Adapté et republié via le site de l’ENIL. En savoir plus :

https://enil.eu/wp-content/uploads/2016/09/7.-PA-table_France.pdf?fbclid=IwAR1yPHCm_iqW_rwvi4OH-pHEuIRzQ8WyhWAR6ZR-lu8kAViGQq13p5shNn4

Pour une refondation de la PCH en assistance personnelle, propositions de Coordination Handicap et Autonomie :  http://coordination-handicap-autonomie.com/images/documents/Contribution_CHA_sur_PCH.2019_03_07.pdf 

Cas pratique : JAG coopérative suédoise

JAG est une coopérative suédoise gérée par les usagers polyhandicapés ou ayant des handicaps intellectuels.

Les décisions se font de façon démocratique et via un processus de médiation collective, le non-verbal, l’interprétation des comportements et du regard sont pris en compte. Il y a plusieurs interprétations possibles, mais aucune décision n’est prise si elle va à l’encontre des droits de la personne concernée. On évalue en permanence son bien-être et ses réactions.

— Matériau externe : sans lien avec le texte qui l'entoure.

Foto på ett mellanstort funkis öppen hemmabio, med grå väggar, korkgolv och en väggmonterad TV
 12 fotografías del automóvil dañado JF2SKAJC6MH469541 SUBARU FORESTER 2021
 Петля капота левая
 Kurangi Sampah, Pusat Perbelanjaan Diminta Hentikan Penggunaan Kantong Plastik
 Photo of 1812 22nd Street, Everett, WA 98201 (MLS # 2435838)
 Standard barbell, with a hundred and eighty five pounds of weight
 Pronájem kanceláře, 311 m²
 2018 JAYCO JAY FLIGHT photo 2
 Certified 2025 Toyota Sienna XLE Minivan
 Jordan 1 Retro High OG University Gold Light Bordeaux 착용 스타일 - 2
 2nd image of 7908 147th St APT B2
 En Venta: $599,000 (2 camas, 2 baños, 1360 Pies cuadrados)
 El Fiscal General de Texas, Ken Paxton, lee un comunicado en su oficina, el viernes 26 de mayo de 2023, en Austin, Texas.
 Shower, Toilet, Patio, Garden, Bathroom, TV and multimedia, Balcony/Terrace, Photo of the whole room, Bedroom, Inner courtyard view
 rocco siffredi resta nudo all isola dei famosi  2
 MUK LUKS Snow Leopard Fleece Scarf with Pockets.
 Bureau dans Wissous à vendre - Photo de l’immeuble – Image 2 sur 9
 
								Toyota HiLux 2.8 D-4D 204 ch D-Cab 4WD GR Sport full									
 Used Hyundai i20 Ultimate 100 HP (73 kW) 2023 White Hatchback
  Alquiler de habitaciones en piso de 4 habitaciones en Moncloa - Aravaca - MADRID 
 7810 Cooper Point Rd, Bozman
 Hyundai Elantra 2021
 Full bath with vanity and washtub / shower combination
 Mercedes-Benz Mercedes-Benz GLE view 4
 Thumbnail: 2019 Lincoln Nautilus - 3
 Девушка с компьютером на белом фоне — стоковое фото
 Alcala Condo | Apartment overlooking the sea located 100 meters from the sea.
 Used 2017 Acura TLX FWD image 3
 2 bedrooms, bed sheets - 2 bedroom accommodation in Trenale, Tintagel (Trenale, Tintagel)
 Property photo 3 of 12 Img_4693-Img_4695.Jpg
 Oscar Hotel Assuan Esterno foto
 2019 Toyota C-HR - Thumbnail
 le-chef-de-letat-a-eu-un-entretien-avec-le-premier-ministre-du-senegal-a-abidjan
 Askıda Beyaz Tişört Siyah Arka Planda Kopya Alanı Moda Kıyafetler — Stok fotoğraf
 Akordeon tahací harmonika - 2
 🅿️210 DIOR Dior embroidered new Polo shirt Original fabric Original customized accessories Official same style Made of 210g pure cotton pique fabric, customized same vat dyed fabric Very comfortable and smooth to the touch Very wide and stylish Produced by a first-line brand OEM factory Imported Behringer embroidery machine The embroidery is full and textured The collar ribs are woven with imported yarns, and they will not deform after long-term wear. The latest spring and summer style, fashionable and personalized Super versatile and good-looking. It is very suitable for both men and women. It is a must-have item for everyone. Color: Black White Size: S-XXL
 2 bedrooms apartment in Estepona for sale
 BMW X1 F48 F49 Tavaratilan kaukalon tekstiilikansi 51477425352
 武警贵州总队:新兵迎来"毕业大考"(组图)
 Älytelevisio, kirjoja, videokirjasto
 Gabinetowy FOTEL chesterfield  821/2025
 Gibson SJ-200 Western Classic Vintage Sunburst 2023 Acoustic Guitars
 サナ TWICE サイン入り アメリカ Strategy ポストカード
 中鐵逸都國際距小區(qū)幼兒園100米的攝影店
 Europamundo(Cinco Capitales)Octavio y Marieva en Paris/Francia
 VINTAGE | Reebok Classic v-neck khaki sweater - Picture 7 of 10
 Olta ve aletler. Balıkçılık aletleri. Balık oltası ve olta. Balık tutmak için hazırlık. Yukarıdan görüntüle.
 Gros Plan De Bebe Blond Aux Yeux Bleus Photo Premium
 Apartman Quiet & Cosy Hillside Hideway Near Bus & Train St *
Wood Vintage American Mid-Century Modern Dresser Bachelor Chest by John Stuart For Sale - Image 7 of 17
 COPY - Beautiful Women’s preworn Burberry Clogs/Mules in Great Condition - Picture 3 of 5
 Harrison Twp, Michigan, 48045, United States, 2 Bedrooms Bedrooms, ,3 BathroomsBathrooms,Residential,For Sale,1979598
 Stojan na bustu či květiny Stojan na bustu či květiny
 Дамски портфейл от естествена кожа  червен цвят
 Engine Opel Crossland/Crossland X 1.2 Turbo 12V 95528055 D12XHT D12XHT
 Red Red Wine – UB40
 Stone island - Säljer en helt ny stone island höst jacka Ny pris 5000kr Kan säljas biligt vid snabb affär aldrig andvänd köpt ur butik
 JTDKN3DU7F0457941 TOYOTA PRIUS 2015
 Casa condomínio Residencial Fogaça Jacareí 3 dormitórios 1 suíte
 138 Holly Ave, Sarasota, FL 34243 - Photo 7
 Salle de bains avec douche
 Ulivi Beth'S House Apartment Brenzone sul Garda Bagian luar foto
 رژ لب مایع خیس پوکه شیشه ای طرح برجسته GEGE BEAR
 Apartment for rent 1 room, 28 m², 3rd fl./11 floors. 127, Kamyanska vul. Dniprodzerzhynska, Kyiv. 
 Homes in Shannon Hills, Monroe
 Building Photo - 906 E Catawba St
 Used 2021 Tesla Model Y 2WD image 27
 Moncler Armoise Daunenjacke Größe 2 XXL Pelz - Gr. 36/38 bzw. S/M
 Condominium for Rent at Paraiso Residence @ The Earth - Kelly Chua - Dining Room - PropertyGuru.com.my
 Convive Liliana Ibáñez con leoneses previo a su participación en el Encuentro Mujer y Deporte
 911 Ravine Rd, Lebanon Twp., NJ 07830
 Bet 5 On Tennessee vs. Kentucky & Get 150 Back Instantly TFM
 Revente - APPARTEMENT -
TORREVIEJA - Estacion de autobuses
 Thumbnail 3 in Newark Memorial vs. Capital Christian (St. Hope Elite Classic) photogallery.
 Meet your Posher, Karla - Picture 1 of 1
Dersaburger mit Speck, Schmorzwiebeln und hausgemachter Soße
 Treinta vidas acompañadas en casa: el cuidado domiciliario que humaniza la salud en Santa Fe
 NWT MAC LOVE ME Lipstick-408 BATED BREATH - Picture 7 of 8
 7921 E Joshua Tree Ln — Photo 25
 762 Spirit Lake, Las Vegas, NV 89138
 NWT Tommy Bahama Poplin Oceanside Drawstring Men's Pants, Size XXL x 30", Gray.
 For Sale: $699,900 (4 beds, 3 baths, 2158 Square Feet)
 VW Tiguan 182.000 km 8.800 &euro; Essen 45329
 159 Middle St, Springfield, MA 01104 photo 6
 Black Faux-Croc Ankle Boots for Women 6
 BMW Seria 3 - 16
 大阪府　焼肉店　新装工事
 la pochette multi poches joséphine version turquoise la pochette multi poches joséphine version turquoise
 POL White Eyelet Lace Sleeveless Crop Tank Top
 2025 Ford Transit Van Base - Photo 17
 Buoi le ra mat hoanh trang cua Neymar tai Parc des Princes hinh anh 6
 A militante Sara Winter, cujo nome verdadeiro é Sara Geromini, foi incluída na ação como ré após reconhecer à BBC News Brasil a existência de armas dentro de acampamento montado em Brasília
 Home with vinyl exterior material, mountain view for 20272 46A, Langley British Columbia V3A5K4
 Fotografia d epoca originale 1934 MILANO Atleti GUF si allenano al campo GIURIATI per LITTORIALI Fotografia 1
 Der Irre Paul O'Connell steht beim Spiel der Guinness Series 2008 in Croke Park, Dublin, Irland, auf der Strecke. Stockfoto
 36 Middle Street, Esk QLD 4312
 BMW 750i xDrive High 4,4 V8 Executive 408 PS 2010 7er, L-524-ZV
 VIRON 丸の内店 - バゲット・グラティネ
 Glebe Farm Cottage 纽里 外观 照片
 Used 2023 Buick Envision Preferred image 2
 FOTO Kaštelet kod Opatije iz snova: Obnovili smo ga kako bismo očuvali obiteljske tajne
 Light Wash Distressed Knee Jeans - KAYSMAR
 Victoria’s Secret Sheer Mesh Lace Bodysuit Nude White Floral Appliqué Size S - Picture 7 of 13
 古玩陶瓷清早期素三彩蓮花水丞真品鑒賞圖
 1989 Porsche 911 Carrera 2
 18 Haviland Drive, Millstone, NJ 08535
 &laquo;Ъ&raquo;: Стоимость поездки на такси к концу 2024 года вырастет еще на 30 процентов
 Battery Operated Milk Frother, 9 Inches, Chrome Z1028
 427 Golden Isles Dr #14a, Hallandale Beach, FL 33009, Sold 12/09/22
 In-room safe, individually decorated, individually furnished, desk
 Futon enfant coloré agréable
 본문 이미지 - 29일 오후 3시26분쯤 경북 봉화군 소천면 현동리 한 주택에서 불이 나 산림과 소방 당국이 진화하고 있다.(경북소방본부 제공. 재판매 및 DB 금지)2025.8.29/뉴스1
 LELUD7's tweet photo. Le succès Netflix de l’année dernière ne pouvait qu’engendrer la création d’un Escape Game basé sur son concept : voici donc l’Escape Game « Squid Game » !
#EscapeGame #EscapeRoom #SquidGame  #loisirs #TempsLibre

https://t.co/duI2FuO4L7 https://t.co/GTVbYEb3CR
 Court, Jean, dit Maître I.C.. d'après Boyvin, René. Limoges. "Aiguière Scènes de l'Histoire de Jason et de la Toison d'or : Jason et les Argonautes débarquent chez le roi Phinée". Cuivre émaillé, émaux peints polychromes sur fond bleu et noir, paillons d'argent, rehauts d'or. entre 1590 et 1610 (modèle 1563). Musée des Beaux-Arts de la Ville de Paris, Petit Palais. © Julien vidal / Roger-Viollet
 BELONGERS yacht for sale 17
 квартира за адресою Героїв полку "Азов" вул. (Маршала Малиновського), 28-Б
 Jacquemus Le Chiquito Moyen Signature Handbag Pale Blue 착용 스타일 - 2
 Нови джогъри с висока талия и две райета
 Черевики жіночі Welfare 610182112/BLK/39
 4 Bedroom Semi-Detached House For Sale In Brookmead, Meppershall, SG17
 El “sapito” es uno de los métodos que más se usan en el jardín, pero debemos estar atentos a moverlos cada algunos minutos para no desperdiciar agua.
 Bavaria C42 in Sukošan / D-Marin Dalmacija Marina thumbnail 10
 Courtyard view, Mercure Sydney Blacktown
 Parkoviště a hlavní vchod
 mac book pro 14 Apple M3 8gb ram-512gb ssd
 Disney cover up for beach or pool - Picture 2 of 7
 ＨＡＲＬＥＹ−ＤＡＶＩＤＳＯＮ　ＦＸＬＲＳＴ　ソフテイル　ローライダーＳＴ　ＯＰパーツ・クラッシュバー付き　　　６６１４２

Il est important de préciser que la formation n’est pas spécialisée ni professionnelle contrairement aux revendications de nombreuses associations sur l’autisme ou le handicap. Elle est individualisée et adaptée à chaque personne handicapée via une médiation personnalisée. Les assistants personnels sont choisis par la personne concernée par ce processus. C’est le modèle social du handicap.

Vidéo sous titrée en français présentant JAG la coopérative suédoise pour les droits civiques des personnes polyhandicapées.


[1] La notion de vie autonome provient du mouvement communautaire « Independent Living » qui a commencé dans les années 1960 à Berkeley en Californie.